By Dave Andrusko
For what seemed like forever and a day, Linda Greenhouse covered the Supreme Court for The New York Times. (Actually it was between 1978 and 2008.) Then, or now as a “contributing opinion writer” who “writes a biweekly column on law,” she is a tireless, relentless, and repetitious promoter of abortion.
Her latest grousing at the current Supreme Court appeared Thursday under the headline, “The Supreme Court’s Fictional Middle Ground on Abortion.”
Before I go further, understand that to Greenhouse, any limitation of abortion is like the final wooden block in a game of Jenga: it’s the movement that will topple the tower, aka Roe v. Wade.
No more than anyone else does she know what the Supreme Court will do with June Medical Services v. Russo. That’s the case the justices heard last week, challenging Louisiana’s requirement that your local friendly abortionist (actually, many of whom are not local; they parachute in to perform an incredible number of abortions in a single day) have admitting privileges at a nearby hospital in case of emergencies.
But she does go through a couple of possibilities, none of which would end the reign of Roe—but that does not make the situation any the less dire to Greenhouse. No matter how narrow the ruling, it would be an unmitigated disaster for “anyone who cares about preserving women’s access to abortion.”

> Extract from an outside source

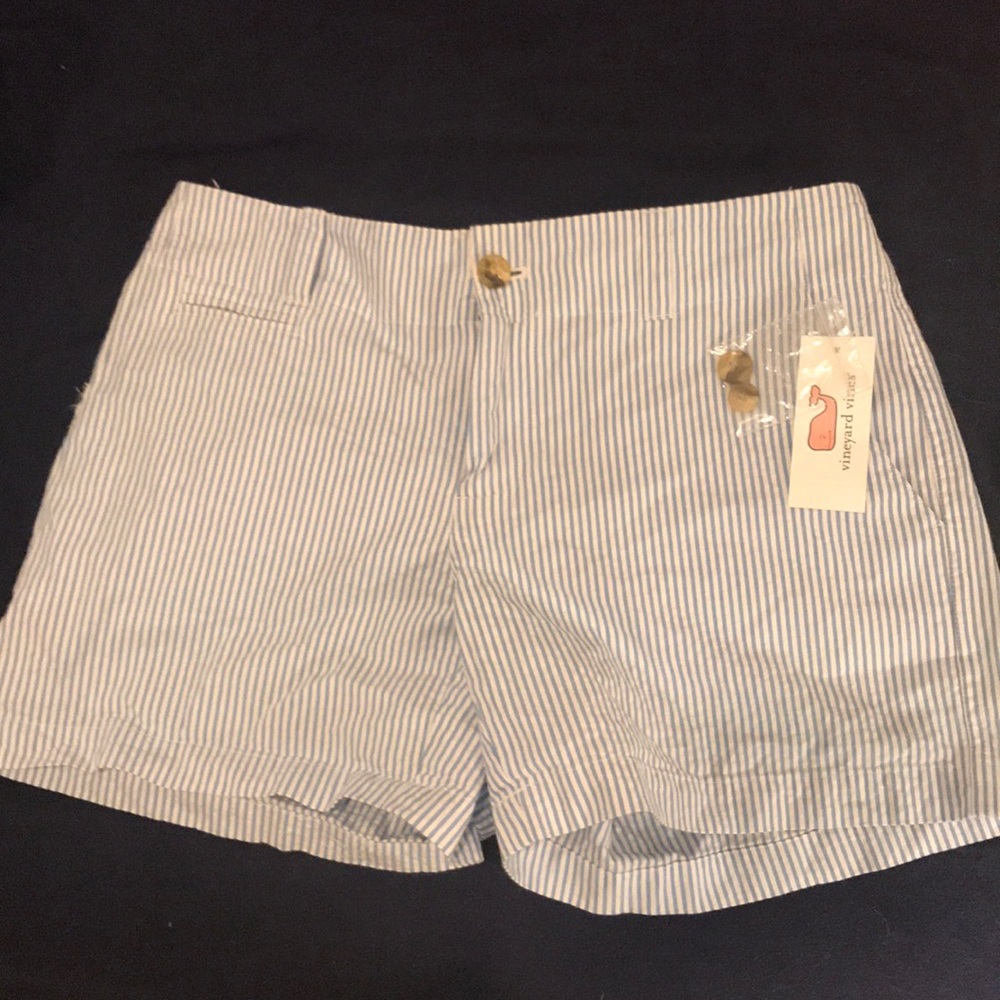 Vineyard Vines Seersucker Shorts NWT Size 2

She worries the “Supreme Court will behave like politicians, and that too many of us will be too snowed by their seeming moderation to call them out on it.”
What does that mean?
Greenhouse drew her line in the sand many Supreme Court decisions ago. That aside, her basic argument in this instance is that the Louisiana law is too similar to the Texas law that the High Court upheld in 2016.
So (a) the 5th Circuit Court of Appeals’ decision that concluded the two laws were different and that the Louisiana law does not impose the same “substantial burden” on women as did the Texas law in the 2016 case of Whole Woman’s Health means nothing, at least to Greenhouse. Maybe it will—because it should—matter to the Supreme Court.
And (b) the Supreme Court can never revisit previous holdings, right? Obviously not, or many of the “progressive” decisions in the past decade or two which Greenhouse no doubt supports could never have come about.
Moreover, because it applies to abortion, it no doubt angers Greenhouse, but long before President Trump appointed two new justices to the High Court, the justices took a second look at partial-birth abortion. What the Supreme Court found lacking in a state partial-birth abortion law in a decision rendered in 2000, they found had been remedied in the federal partial-birth abortion law which they upheld in 2007.
Well, we shall see. A decision is expected in June.